WORK ORDER. All lines from the one containing "Used Lincoln MKX" through the end of the data below are to be repeated exactly, with pictures left out.

INFORMATION SHOWN below:

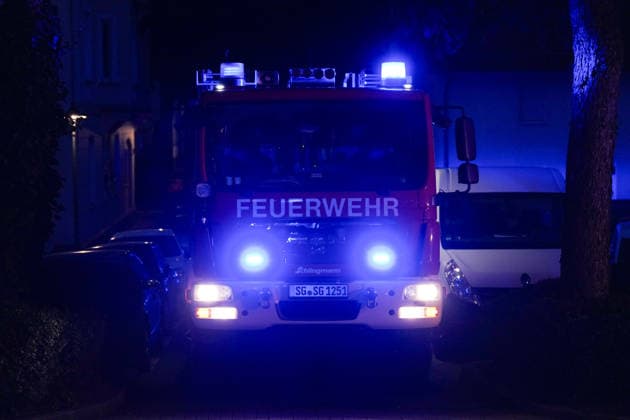 27.06.2026, xydrx, Einsatz der Solinger Feuerwehr bei einem Gebäude Brand auf der Klemens-Horn Straße: *** June 27, 2026, xydrx, Solingen Fire Department responds to a building fire on Klemens Horn Street Copyright: HMBxMedia YannisxDreimann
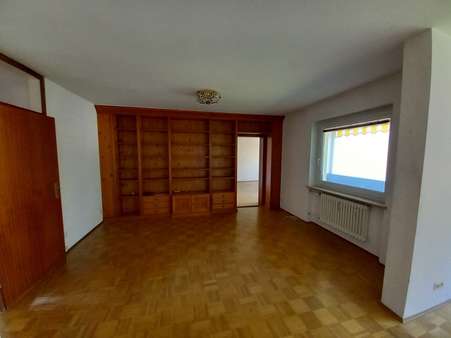Wohnzimmer 3 Zimmer WHG Wohnzimmer 3 Zimmer WHG - Etagenwohnung in 82110 Germering mit 108m² kaufen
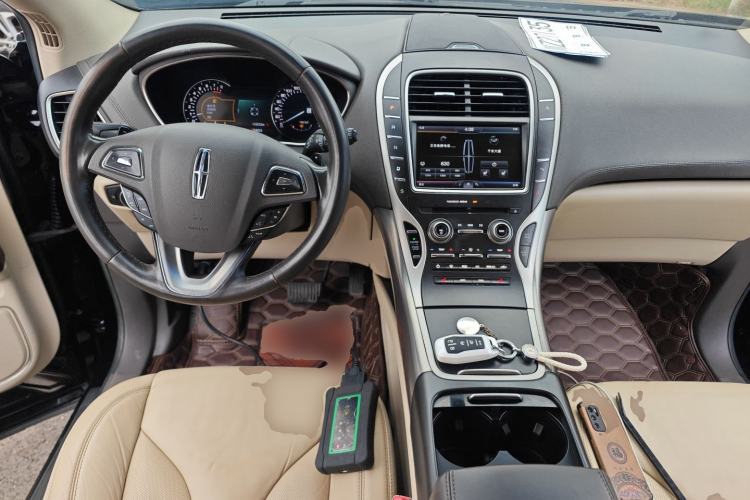Used Lincoln MKX 2015 2.0T Two-Wheel Drive Deluxe Edition Center Console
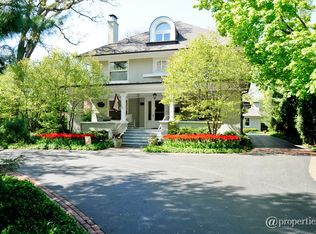 486 Greenleaf Ave, Glencoe, IL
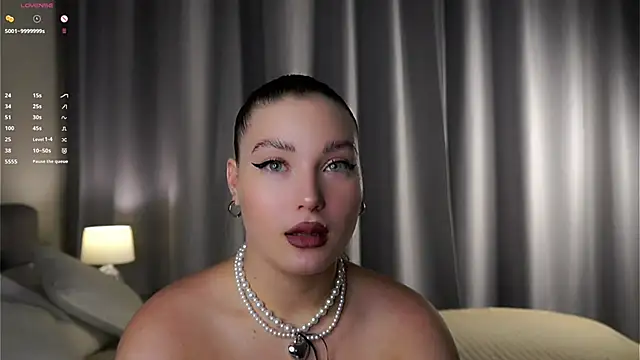 KristynSchwerin online show from September 23, 1:20 pm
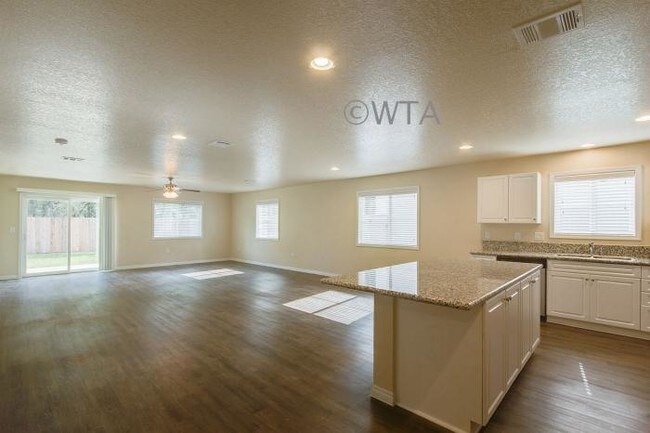 Building Photo - 3 bedroom in SAN ANTONIO TX 78249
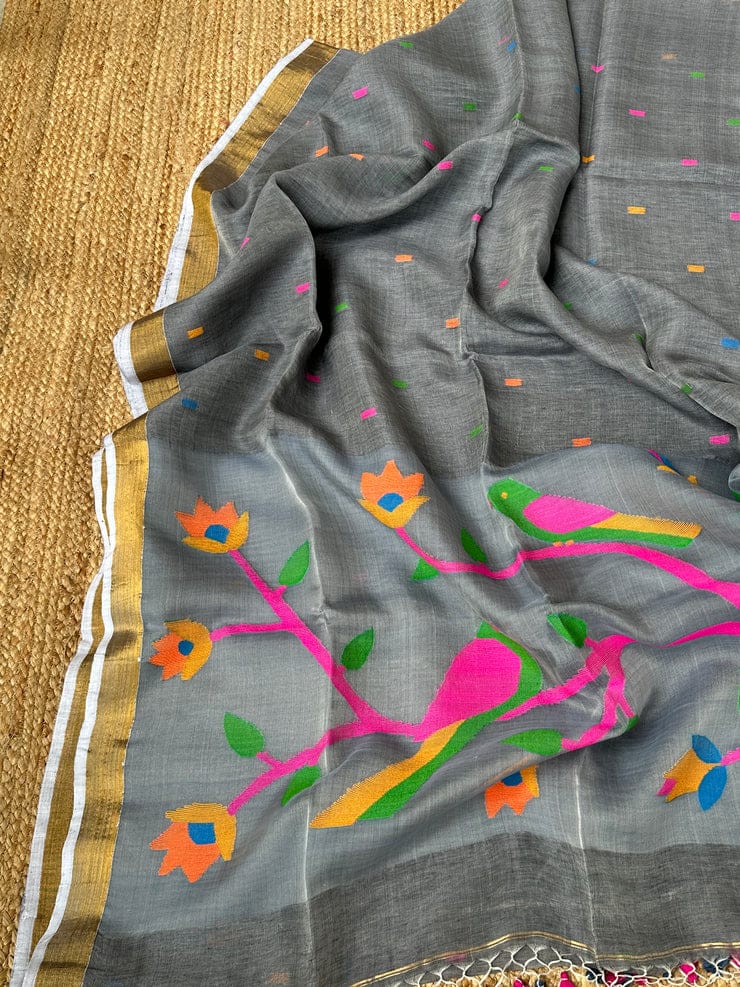 Linen Handwoven Silk Anchal Paithani Saree | Traditional Handloom Saree | Rihyaaz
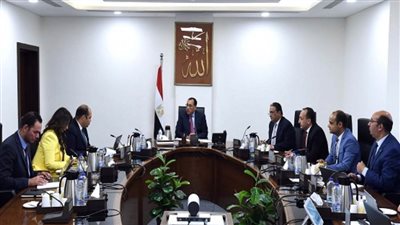 رئيس الوزراء يستعرض جهود جهاز حماية المنافسة عن السنة المالية الماضية (صور)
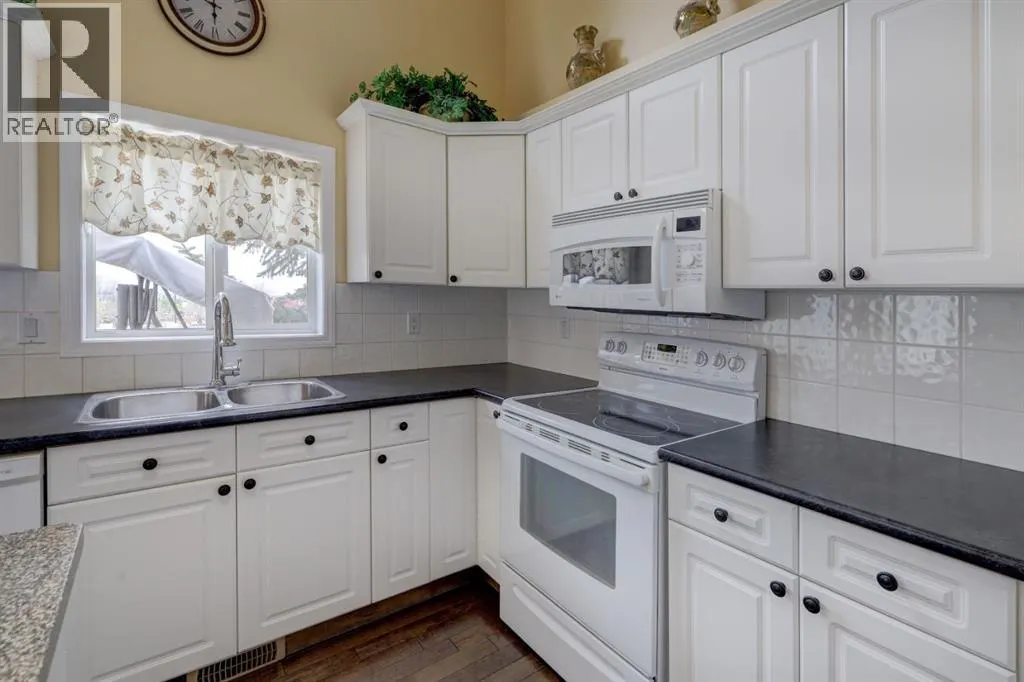 82 Country Hills Cove NW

End of INFORMATION SHOWN.

RESPONSE TO THE TASK.
Used Lincoln MKX 2015 2.0T Two-Wheel Drive Deluxe Edition Center Console
 486 Greenleaf Ave, Glencoe, IL
 KristynSchwerin online show from September 23, 1:20 pm
 Building Photo - 3 bedroom in SAN ANTONIO TX 78249
 Linen Handwoven Silk Anchal Paithani Saree | Traditional Handloom Saree | Rihyaaz
 رئيس الوزراء يستعرض جهود جهاز حماية المنافسة عن السنة المالية الماضية (صور)
 82 Country Hills Cove NW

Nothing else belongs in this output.